Anderson Silva vs. Tony Fryklund - Cage Rage 16 - Back Elbow Knockout

This victory finally opened a door for Zuffa and the UFC, who were looking for a new contender to face their current Middleweight champion Rich Franklin. For his debut match the UFC match Silva with one of their new stars from The Ultimate Fighter, Chris Leben. Undefeated in the UFC thus far, Leben was considered to be a hot contender who with one more win would stamp his ticket to a title match. Silva turned in one of the single most dominating performances in UFC history, knocking Leben out in under a minute.

This victory set the tone for Silva's UFC career, as it seems that Silva hit his stride as a fighter when he entered into the promotion. Having dispatched the man seen as the best contender for the belt, Silva then was given the title shot. If the speed and violence with which Silva defeated Leben with surprised UFC fans, his title fight with Rich Franklin left them in a state of shock.

After a few minutes of feeling the UFC Middleweight Champion out, Silva soon discovered he had a huge advantage in the clinch and punished Franklin with knees until John McCarthy stepped in to stop the match.

Franklin had been pushed by the UFC as a man who could be a dominant champion and Silva left him in a broken mass on the canvas. the path of his career altered forever. Since then Silva has become the most dominating champion in UFC history, ruling the Middleweight division for almost six years.

Silva's first title defense was supposed to be against Travis Lutter, who had won the fourth season of The Ultimate Fighter, but the fight was declared a non-title fight when Lutter missed weight. Lutter had some success against Silva on the ground, but Silva eventually was able to lock on a triangle and forced Lutter to submit to a barrage of elbow strikes. Silva's actual first title defense came in a rematch with Rick Franklin, who had reconstructive surgery on his face to repair the damage done in his first fight with Silva. Silva again brutalized Franklin. Silva's first true test in the Octagon came against MMA legend and all time great Dan Henderson, who used his wrestling to take the first round against Silva. The champion responded by rocking Henderson on the feet with a kick and then locking in a rear naked choke to finish the mat.

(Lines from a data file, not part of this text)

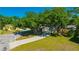 Mature trees shade a home with well-kept lawns, landscaping, and a long driveway at 23253 Granite Pl, Land O Lakes, FL 34639
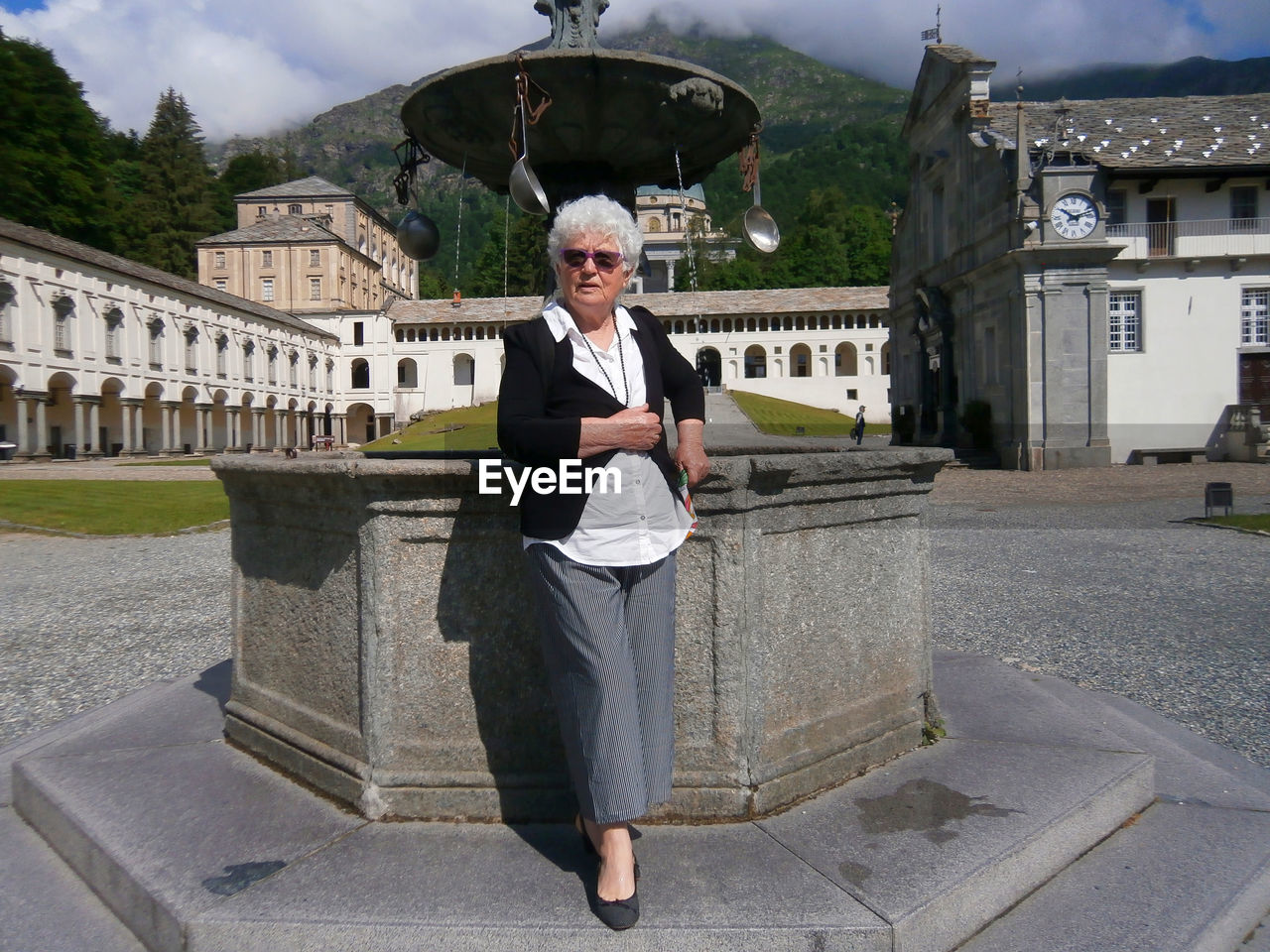 A seventy year old caucasian woman posing near a column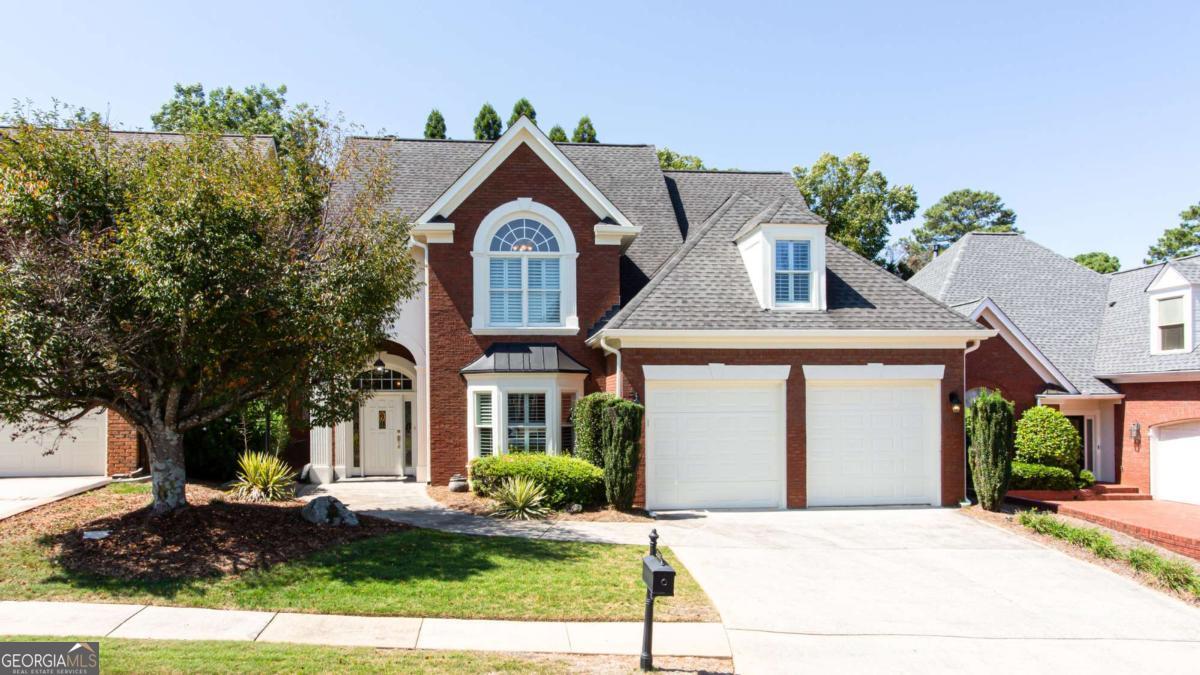 Stunning 4-Sided Brick Home in a Gated Community. Located in one of the area's most sought-after gated neighborhoods and top-rated school districts, this home blends timeless charm with modern upgrades. The main level features a spacious primary suite with dual closets, a relaxing jacuzzi tub, and a separate shower. The elegant family room boasts a hand-painted fireplace, while the gourmet kitchen offers granite countertops, custom cabinetry, and upscale finishes throughout. Upstairs you'll find two oversized bedrooms connected by a shared bath, each with private sink areas, plus a large bonus room perfect for a 4th bedroom, home office, or recreation space. Plantation shutters and designer decor elevate every room. Step outside to your private oasis-a gorgeous, level backyard with a pergola, serene pond, and covered patio ideal for entertaining or quiet relaxation. All just minutes from top schools, shopping, dining, and the hospital-this home truly has it all!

What would follow would be something a low period for Silva as he would dabble in fighting at Light Heavyweight against James Irvine and the put on perplexingly passive performances against Partick Cote, Thales Leites and the finally culminating in the horrendous fight at UFC 112 against Demian Maia. While UFC fans were treated to his masterpiece of a fight against Forrest Griffin in that time period, it represents something of a low point for his UFC career.

The rivalry with Chael Sonnen provided a much need boost to Silva's waning popularity, giving him a foil to play his soft spoken respectful attitude against. And the dramatic comeback fashion in which Silva won went a long way to repairing his image with fans, as well create one of the most memorable moments of his career.

Silva then would finally develop the star-power in Brazil that had so long eluded him when he defeated long time Brazilian star Vitor Belfort and then bring down the house of UFC: Rio with his TKO win over Yushin Okami.

Silva is the longest reigning UFC champion in history, has fought professionally in MMA, boxing, and Muay Thai and has black belts in Brazilian Jiu Jitsu, Judo, and Taekwondo. He is a consummate martial artist and win or lose at UFC 148 is most certainly a modern day God of War.